I guess, the final one around Memphis, the river levels have been impacting us at our Memphis refinery, both the ability to clear the refinery and supply the river terminals. As of this morning, both northbound and southbound traffic out on the river is wide open, expected to be there for the next couple of weeks and we expect the situation to improve.
Great. Thanks. That colors are really helpful to think about 4Q. And then the other one just on low carbon opportunities within your portfolio. In addition to the DGD venture, you also have an ethanol business, and it seems like with the carbon capture project that you're installing there and the Inflation Reduction Act, maybe ethanol to jet is a technology that makes sense, particularly given weaker ethanol margins.
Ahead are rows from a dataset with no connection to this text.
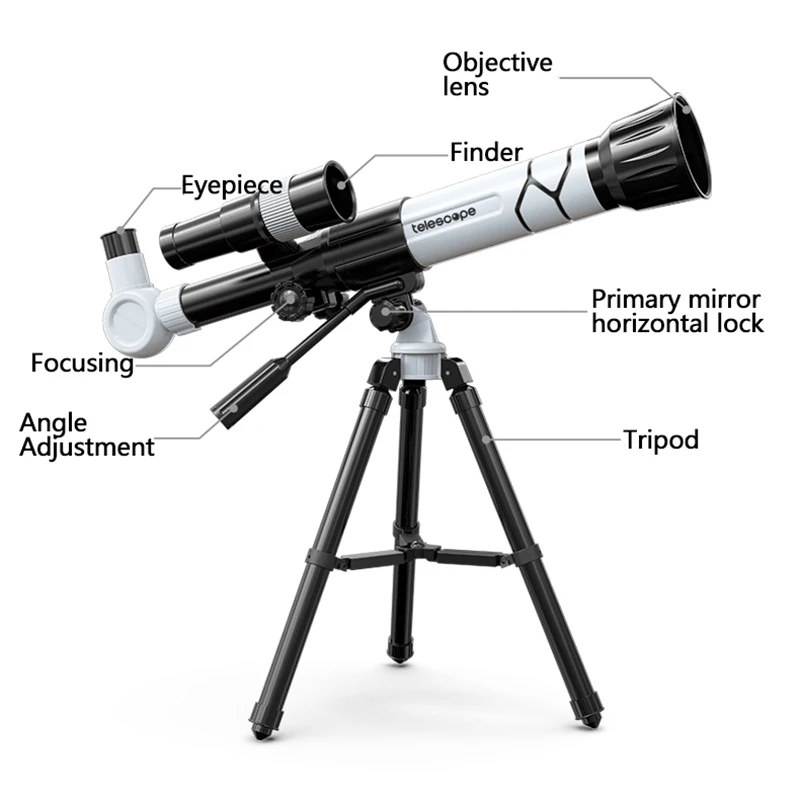  Маленький астрономический телескоп Eyebre для детей 300 мм HD низкая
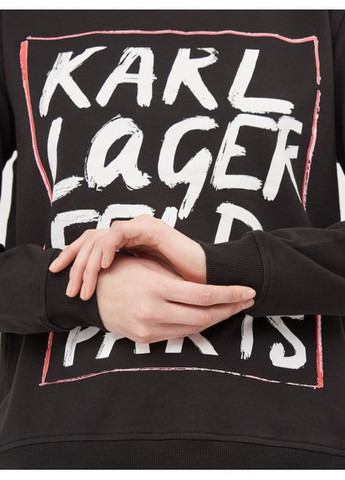 Чорний світшот paris s004 чорний Karl Lagerfeld (354312357)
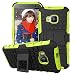 Produktbild M9 Case, HTC One M9 Case DRUnKQUEEn Heavy Duty Rugged Hybrid Armor Dual Layer Hard Shell Tire Tread Grenade Grip Combat Tyre Textured Cover with Kickstand
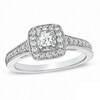 Thumbnail Image 0 of Previously Owned - 0.50 CT. T.W. Canadian Princess-Cut Diamond Frame Ring in 14K White Gold (I/I1)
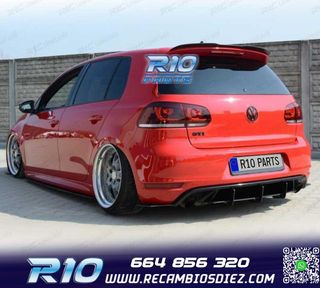 ALERON SPOILER VOLKSWAGEN VW GOLF 6 7 GTI GTD R 09-20 NEGRO 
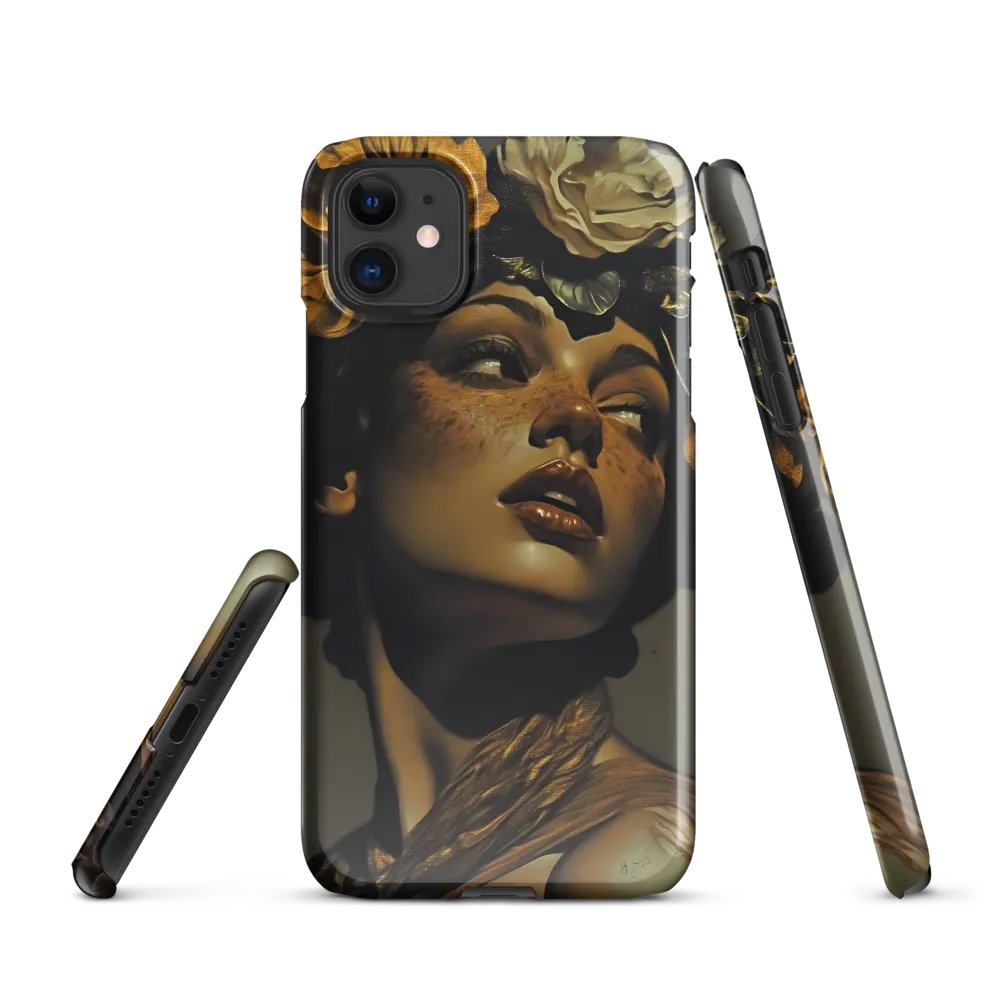Gilded Serenity | Phone Case |  11 | Snap Case | Glossy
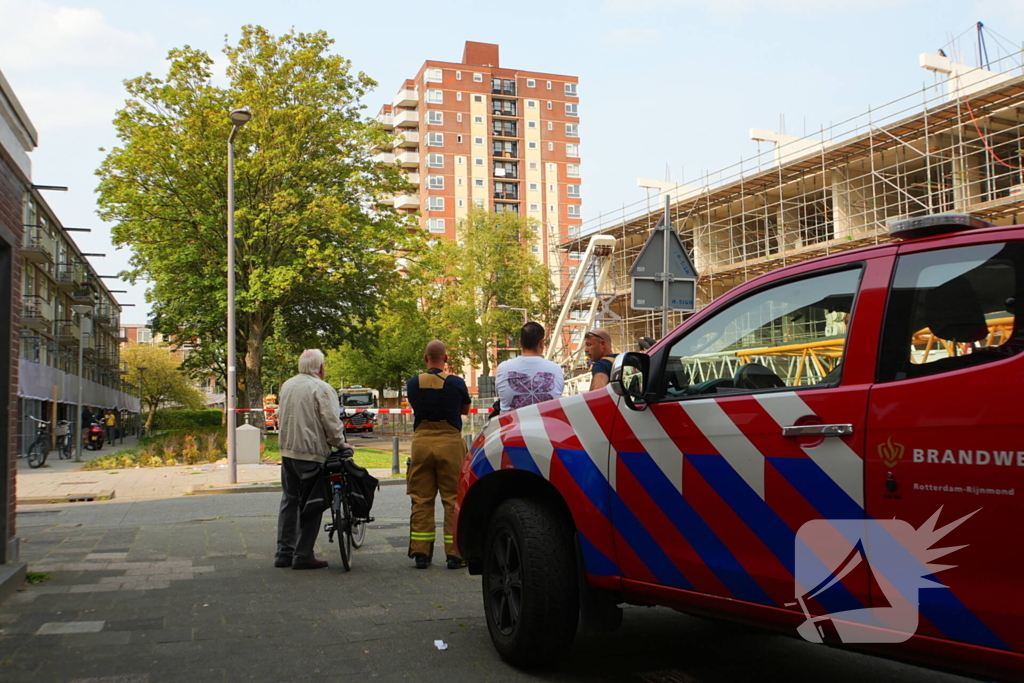 Waterlekkage op bouwterrein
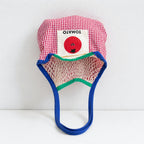 CouldNook Reversible Mesh Tomato Tote Bag - Printed Lining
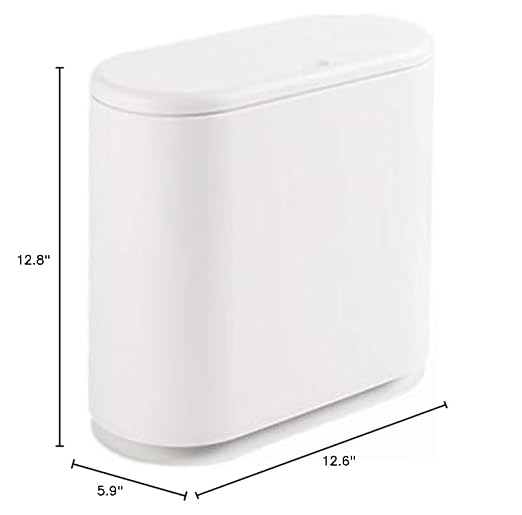 IEEK 12 Liter Rectangular Plastic Trash Can - Image 6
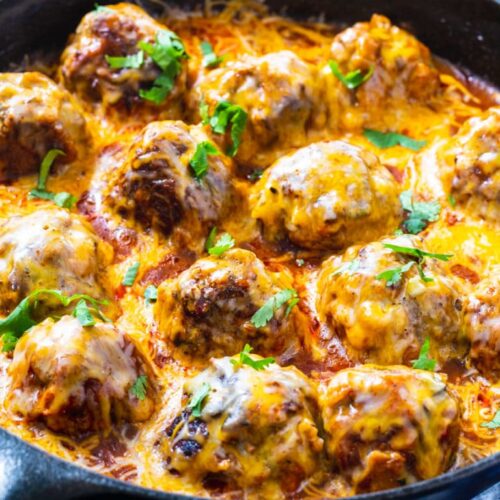 Tex Mex Meatballs - Spicy Southern Kitchen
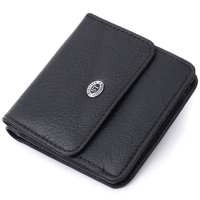 Гаманець ST Leather З натуральної шкіри Чорний (22690)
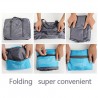 Waterproof nylon travel bag - large capacity - foldable - unisexBags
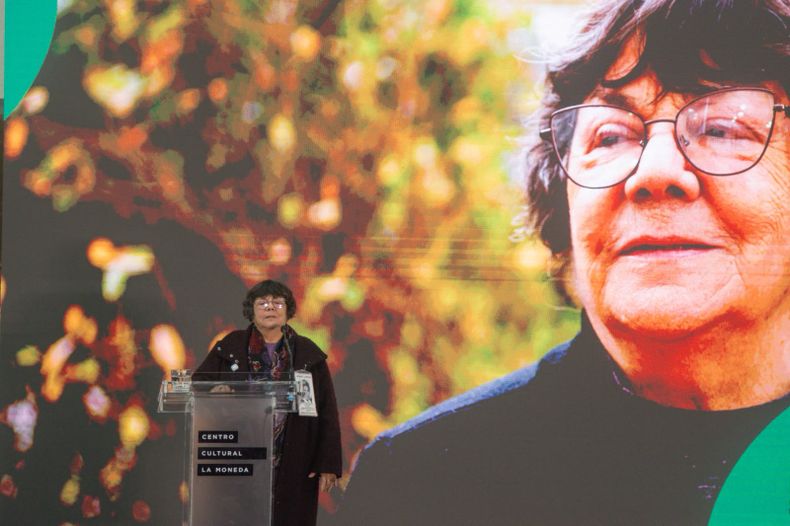 Alicia Lira recibe Premio Nacional de Derechos Humanos 2026. Créditos: INDH.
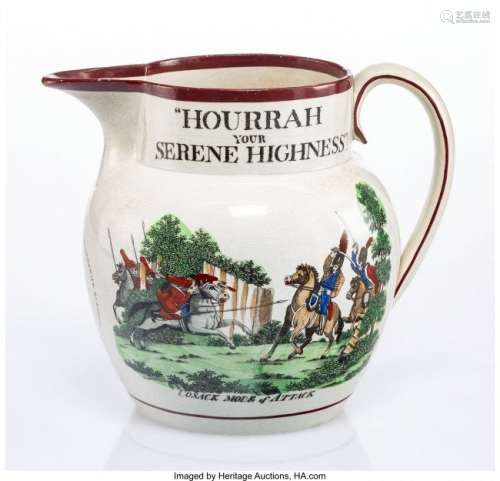 27062: A British Pearlware Pitcher Commemorating the Fi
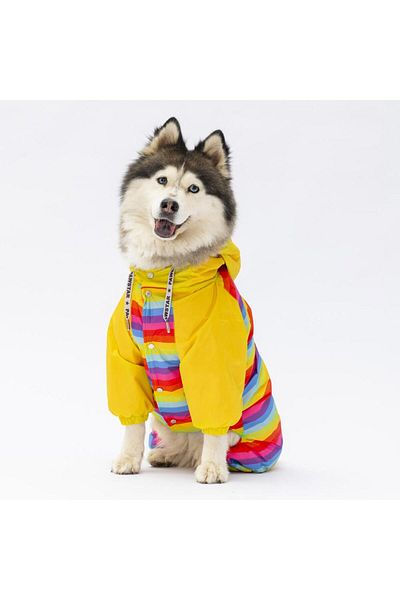 Pawstar Peru Large Breed Dog Jumpsuit Raincoat Dog Raincoat Dog Outfit Dog Dress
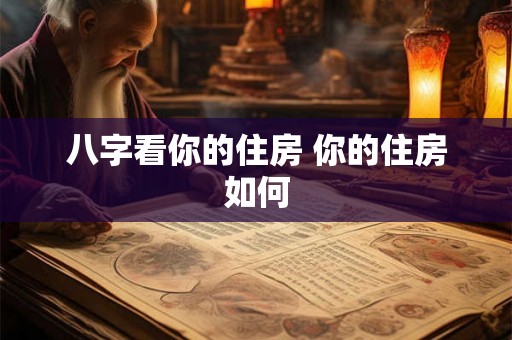 八字看你的住房 你的住房如何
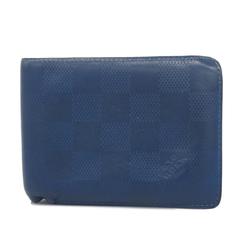 Louis Vuitton Billfold Damier Infinie Portefeuille Multiple N63206 Neptune Men's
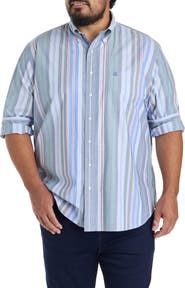 Brooks Brothers Big & Tall Multi-striped Friday Sport Shirt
Is that something that you're looking at either to complement any SAF growth you would pursue within DGD or as an alternative investment instead of pursuing SAF near-term within DGD? Thanks.
Yeah. So that's definitely something on the radar for us. As you said, ethanol carbon, carbon captured ethanol will be eligible to get into SAF. And given our footprint and our Navigator project, it will be in – SAF is a possibility with that ethanol product post-sequestration. So it's definitely sort of a somebody on the radar to look at sort of post-2025 when Navigator comes online.
Thanks.
Operator
Thank you. Ladies and gentlemen, we're showing time for a final question. The final question today is coming from Matthew Blair of Tudor, Pickering Holt. Please go ahead.
Hey, good morning. Thanks for squeezing me in here. I just had one question on the DGD guidance. If I heard it correctly, it was still $750 million for the year, which I believe implies that Q4 volumes to be lower quarter-over-quarter despite starting up a new plant in November. Could you help us understand that? Is that just being a little conservative around the start-up, or is there a turnaround at the DGD 1 or DGD 2 that we should be keeping in mind?
It's a little conservative. We are in start of the DGD 3. The plan is to ramp to full rates in November. So if you added that volume in, it will come in higher than the $750 million. But we're still lining the unit out and have yet to put feed into the Echo finer. So we won't know that detail until mid-November or so. So from a guidance standpoint, we decided to keep the guidance at $750 million. It's proven that we see that rate.
That sounds good. Thank you very much.
Operator
Thank you. At this time, I'd like to turn the floor back over for closing comments.
Great. Thank you, Donna. We appreciate everyone joining us today. Obviously, feel free to contact the IR team if you have any additional questions. Thank you, everyone, and have a great week.
Operator
Ladies and gentlemen, thank you for your participation. This concludes today's event. You may disconnect your lines at this time, and enjoy the rest of your day.